Google’s parent company, Alphabet, was given an astronomical $5.15 billion fine by the European Commission in 2018 for using the Android operating system to shut rivals out (Alphabet plans to appeal). It’s also being pursued by 37 U.S. attorneys general who argue, amongst many other points, that it induced mobile device manufacturers such as Samsung and mobile network operators to adopt Android and thus not compete with Google Play. With U.S. President Joe Biden issuing an Executive Order this month instructing the Department of Justice and Federal Trade Commission to clamp down on anticompetitive practices in the U.S. economy, app stores and marketplaces will come under greater scrutiny alongside the rest of Big Tech.

The payments question Money talks, and games are a golden goose, particularly as the in-app purchases and advertising that are ubiquitous in mobile spread into the PC and console arena. Much of the conflict between regulators, stores, developers and publishers boils down to payments infrastructure.

Epic vs. Google escalated quickly when Epic tried to implement direct payments in Fortnite iOS. The U.S. case against Google notes that the Play Store effectively forces app publishers to use Google Billing as an intermediary. Why? Because having app developers and publishers use proprietary payments infrastructure is the only effective way to enforce app store fees. Microsoft, then, is making an unprecedented play by allowing apps to run their payments through third-party ecommerce platforms, essentially making its cut 0%. Because of the rich monetization around games, Microsoft will still charge them 12% as noted, though this is still a competitive levy in today’s market.

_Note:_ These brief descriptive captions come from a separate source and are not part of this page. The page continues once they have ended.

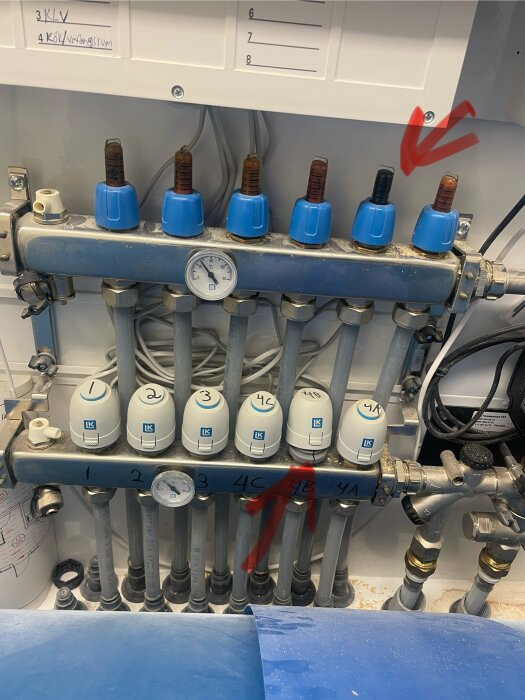 Bild på golvvärmefördelare med blå styrdon, ett markerat med röd pil, och vita termostatventiler i ett tekniskt skåp.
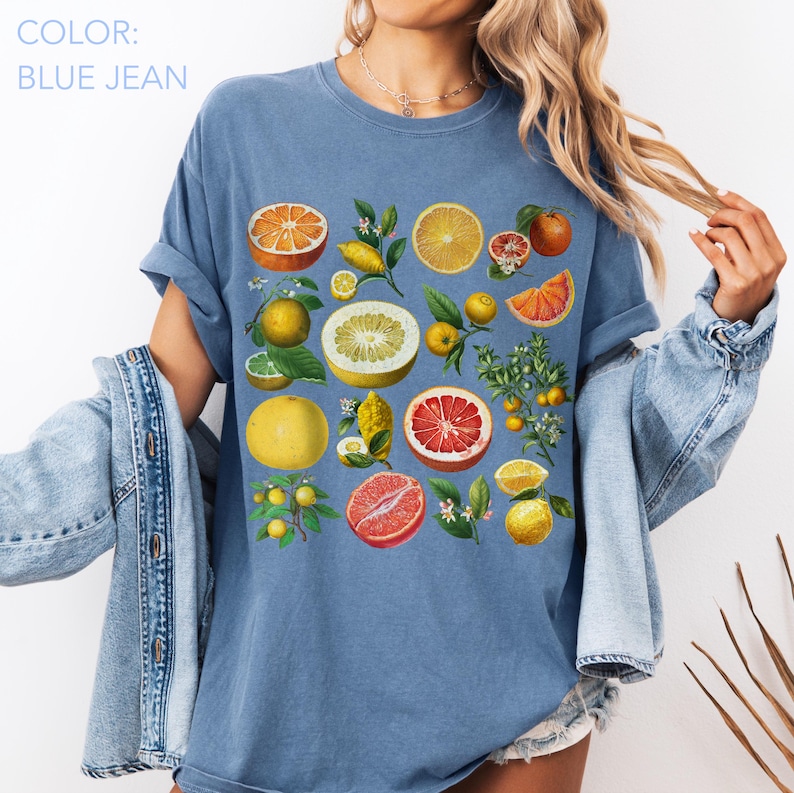 May include: A blue jean colored t-shirt featuring a graphic print of various citrus fruits including oranges, grapefruits, and lemons with green leaves and white blossoms. The design displays whole and sliced fruits in shades of yellow, orange, and red.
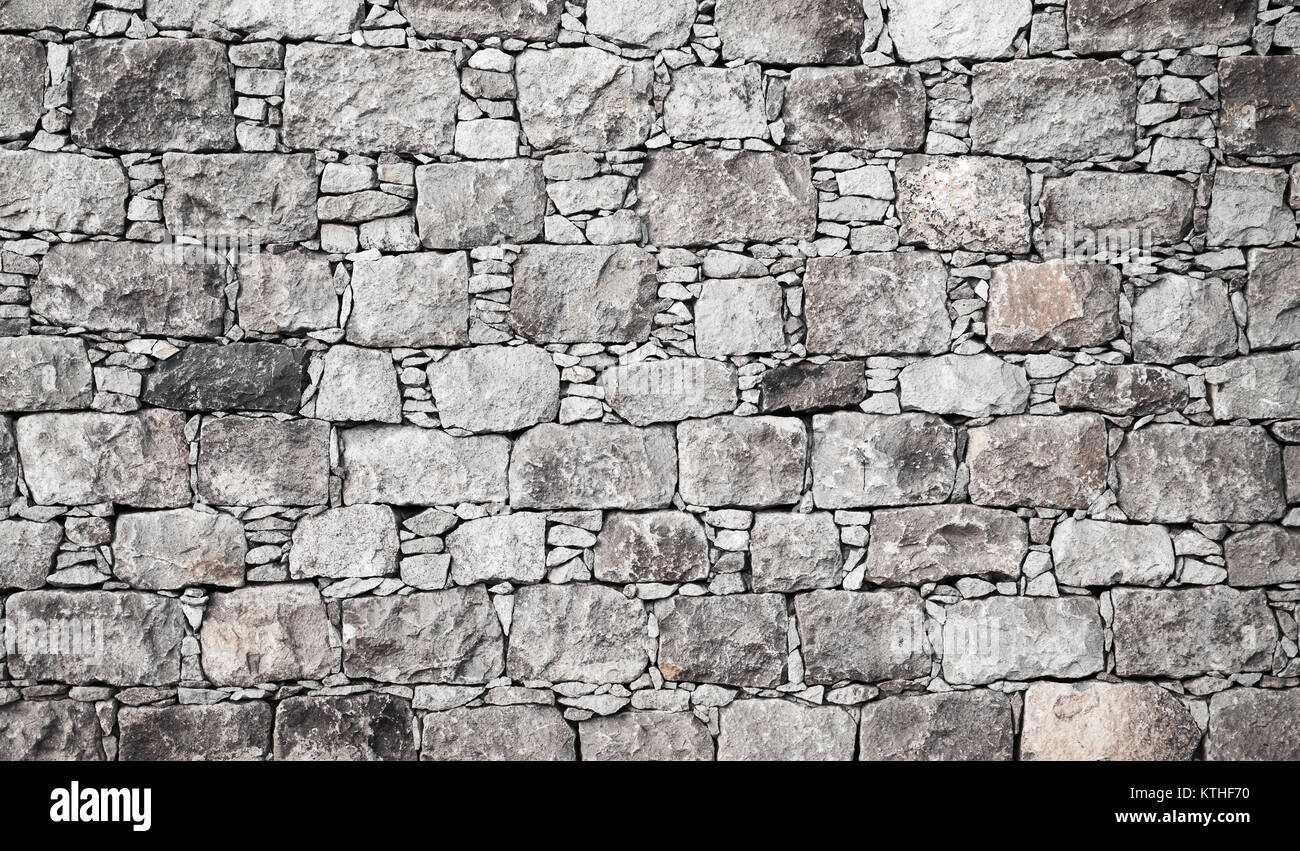 Old gray stone wall, flat background photo texture Stock Photo - Alamy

Glasnost, or walled gardens? Apple’s App Store is often referred to as a “walled garden” because it doesn’t permit third-party apps such as Amazon’s App Store, arguing that this would compromise security and UX. Google Play is a little more nuanced. The open source roots of Android mean you can sideload third-party apps, although Amazon itself is heavily referenced in the upcoming antitrust case by the U.S. attorneys general for being unfairly kept out of the Android ecosystem. With signs that Android 12 could be locking down parts of its UX that were previously customizable, it almost looks as though walls are being fortified rather than torn down.